[Column] Two colonizations, two reactions

Posted on : 2023-03-14 17:47 KST Modified on : 2023-03-14 17:47 KST
An Israeli military helicopter shoots off flares amid an IDF attack on a refugee camp in Jenin, Palestine, on March 7. (Xinhua/Yonhap)
An Israeli military helicopter shoots off flares amid an IDF attack on a refugee camp in Jenin, Palestine, on March 7. (Xinhua/Yonhap)
By Slavoj Žižek, Global Eminent Scholar at Kyung Hee University

The only thing to celebrate about the first anniversary of the Russian attack on Ukraine is the Ukrainian resistance, which surprised everyone, including their allies and maybe even many Ukrainians themselves.

Linked to this is another positive change in Ukraine. As one Ukrainian journalist put it, “People’s desire for justice at home has not diminished. If anything, it has got stronger – and rightly so, since most citizens are risking their lives to fight the genocidal threat posed by Russia. People have such a personal stake in Ukraine’s future, they are more sensitive than ever about what kind of country we are becoming, and how things should be after the war.”

Let’s hope that its ongoing anti-corruption campaign will grow into a more radical questioning of how things should be after the war. Will Ukraine simply catch up with Western liberal democracy and accept being economically colonized by big Western corporations? Will it join the neo-conservative backlash to globalization as Poland did? Will it risk trying to resuscitate bygone social democracy, at least?

Another aspect that must be noted is the international repercussions of Russia’s aggression. To condemn Russian colonialism, one must put Ukraine into a lineup along with other cases of neocolonialism — Israel and Palestine, for one.

Comparing the Israel-Palestine conflict to the Russian invasion of Ukraine, Kim Johnson, a Labour member of UK parliament, said that while references to Ukraine’s “heroic resistance” and Russia’s “illegal occupation” had been widespread, “these expressions have been sorely missing when referring to the occupation in Palestine, and in solidarity with Palestinians resisting the expansion of illegal settlements, apartheid and oppression.”

For such statements, she was — as expected — denounced as anti-Semitic.

But now, with the new Israeli government engaged in the de facto annexation of the West Bank, the parallel with Russia has become even more pertinent. Already in December 2022, the new Israeli government stated that the Jewish people have an “exclusive and indisputable right to all parts of the Land of Israel,” including the West Bank.

It further declared that Israeli sovereignty shall be applied to the West Bank, while additionally announcing it would switch from a framework of using the “law of occupation” to an application of Israeli domestic law — that is, annexation in all but name.

Israel will confront a problem here: If the West Bank simply becomes part of Israel, what will it do with the well over 2 million of Palestinians living in the West Bank? If they are made regular Israeli citizens, they will form together with today’s Israeli Palestinians a very strong voting bloc — certainly an unacceptable outcome for the present Israeli government. (Therein resides also the true reason why Israel has yet to annex the West Bank.)

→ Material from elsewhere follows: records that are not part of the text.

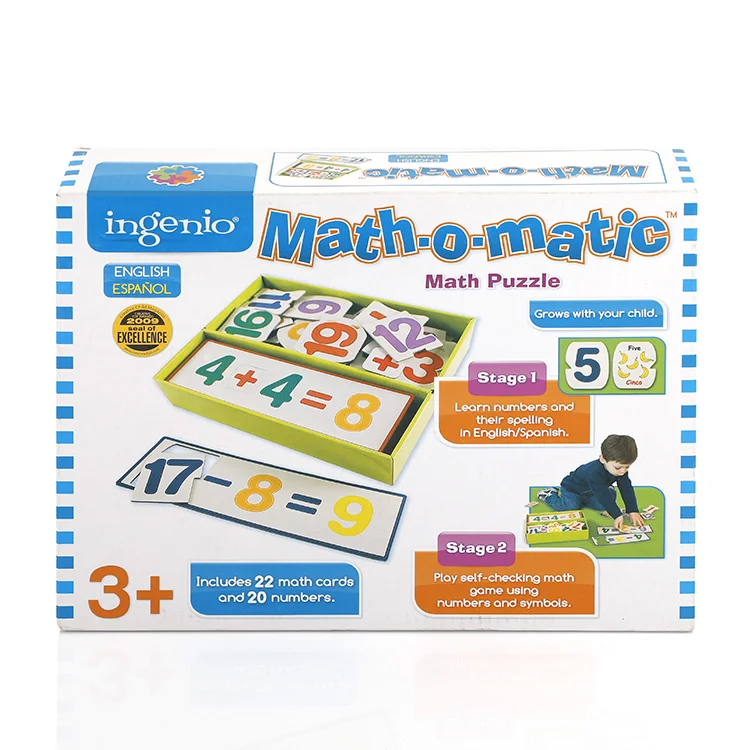 custom educational kids learning puzzle game math card game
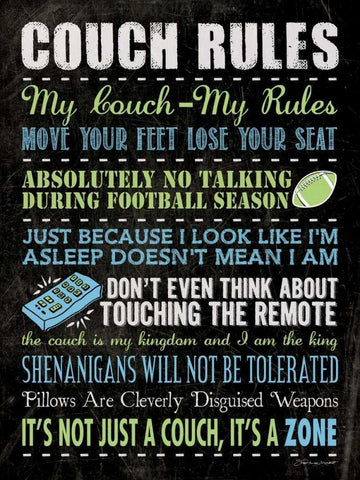 Couch Rules - Black Black Ornate Wood Framed Art Print with Double Matting by Marrott, Stephanie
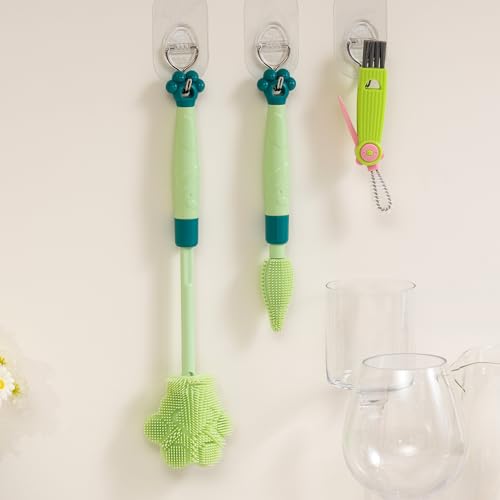 Adjustable Handle Length 10.5-13.8in Water Cup Cleaner Bottle Brush - color: Green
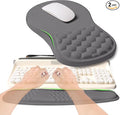 KUOSGM 2-in-1 Ergonomic Set, Wave Rise Keyboard Wrist Rest and Massage Bulge Slope Mouse Pad Wrist Support, Cushion Memory Foam Integrated to Relieve Wrist Pain, Deep Gray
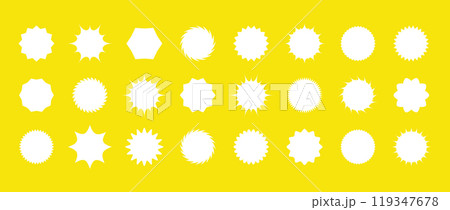 Set of white starburst price. Sunburst badges. Star sticker vector on yellow background. Simple labels in flat style 119347678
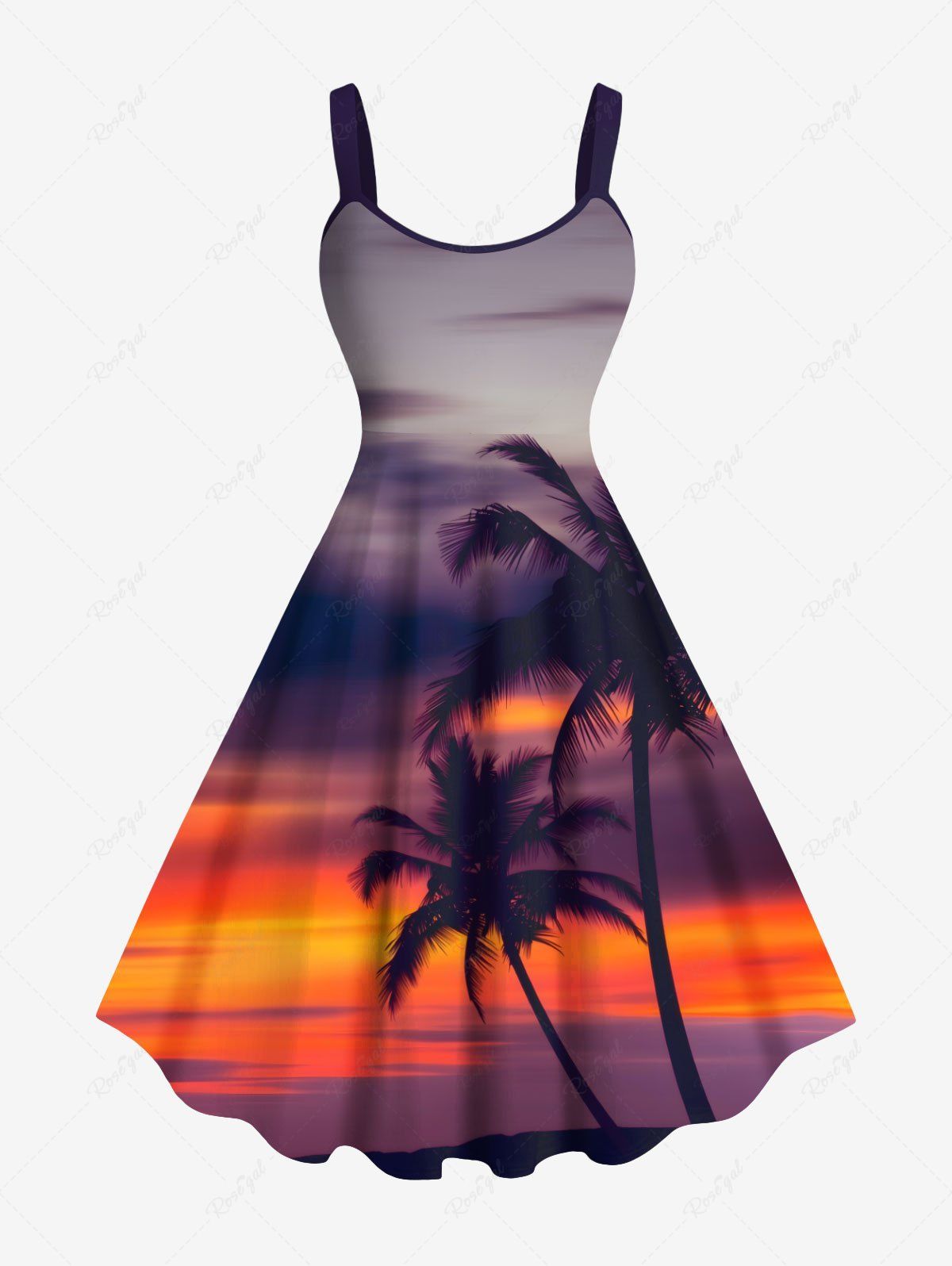 Outfits Plus Size Coconut Tree Ombre Dusk Print Hawaii A Line Tank Dress  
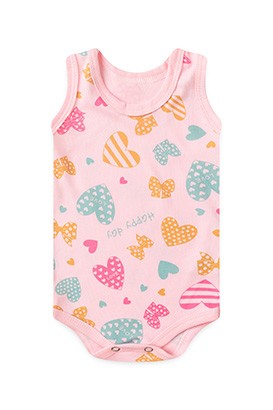 Body Bebê Feminino Regata Canelado Rosa Corações (P/M/G) - Top Chot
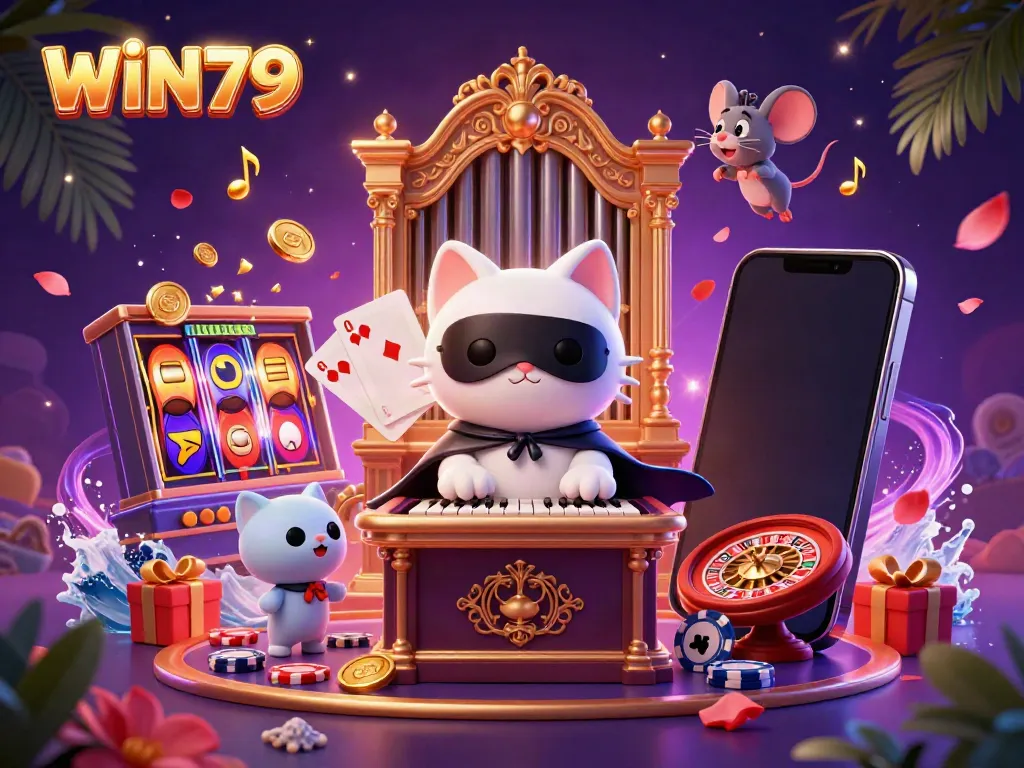 Experience the excitement of WIN79 with a whimsical casino illustration featuring a phantom cat and fun games.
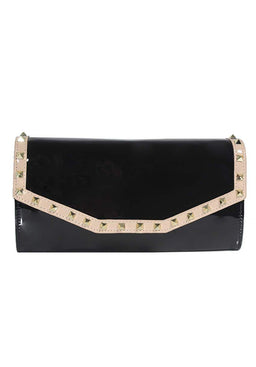 Black Studded Clutch Bag
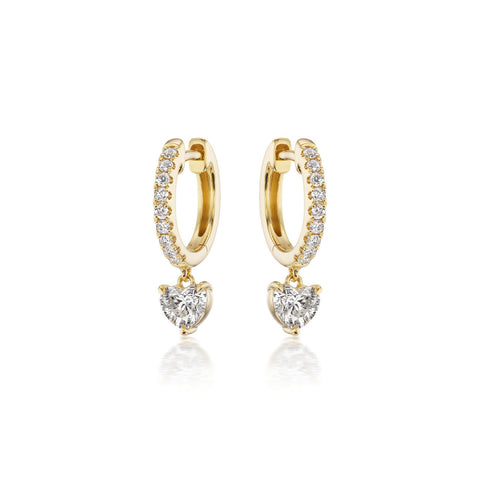 Diamond Dangle Huggie Earrings-Diamond Dangle Huggie Earrings - 46307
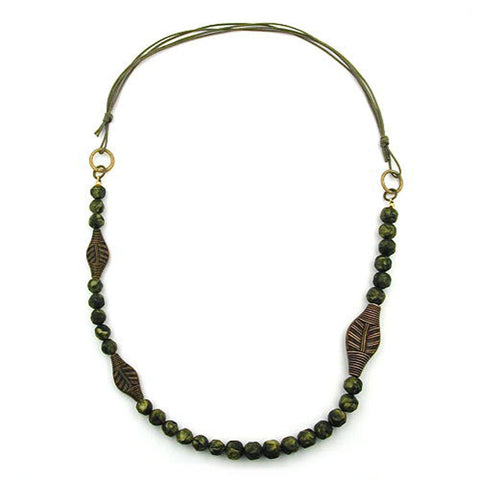 Necklace 3 Leaf Beads Olive Colour Pressed Bead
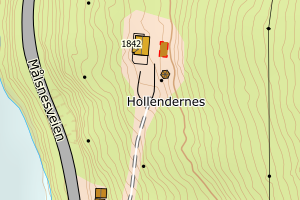 Kartbilde fra WMS-tjeneste av avviket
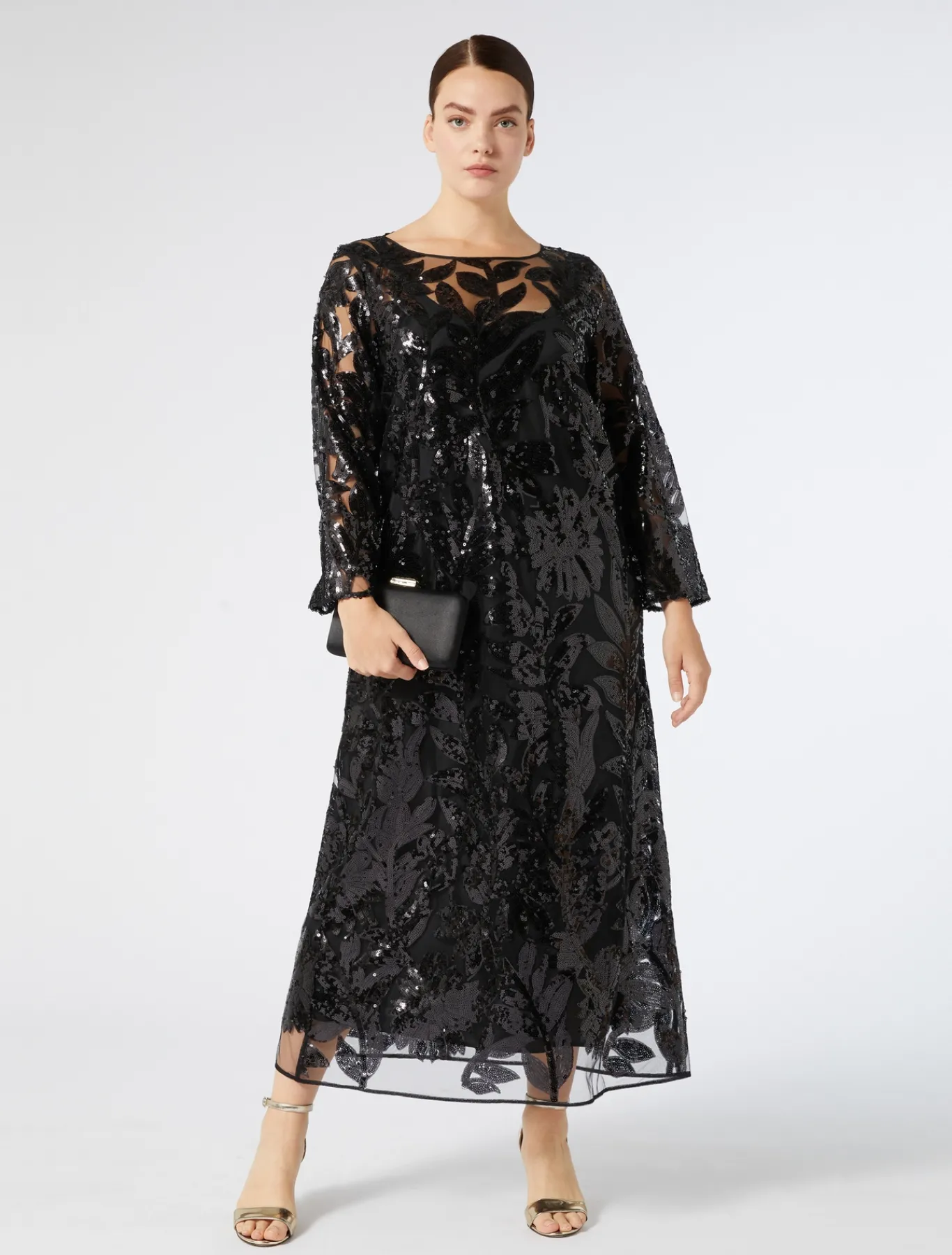 Marina Rinaldi Robe en tulle avec paillettes NOIR New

Israel has only two options to prevent this: either expel as many Palestinians as possible from Israel or impose an “institutionalized regime of systematic oppression and domination by one racial group over another, with the intention of maintaining this regime, otherwise known as apartheid,” as Just Security puts it.

At the beginning of 2023, Israel was shaken by demonstrations against the new right-wing government and its brutal politics which subordinated the judiciary. However, the hundreds of thousands of liberal, freedom-loving protesters more or less ignored the plight of the Palestinians who make up 20% of the population.

In these conditions, a true political act would be to propose a large democratic coalition that would include Palestinians. Such an act would be very risky because it would break an unwritten rule of Israeli politics. However, only such a coalition, such a change in the coordinates of what appears as possible in Israel can prevent Israel to become just another religious-fundamentalist racist state.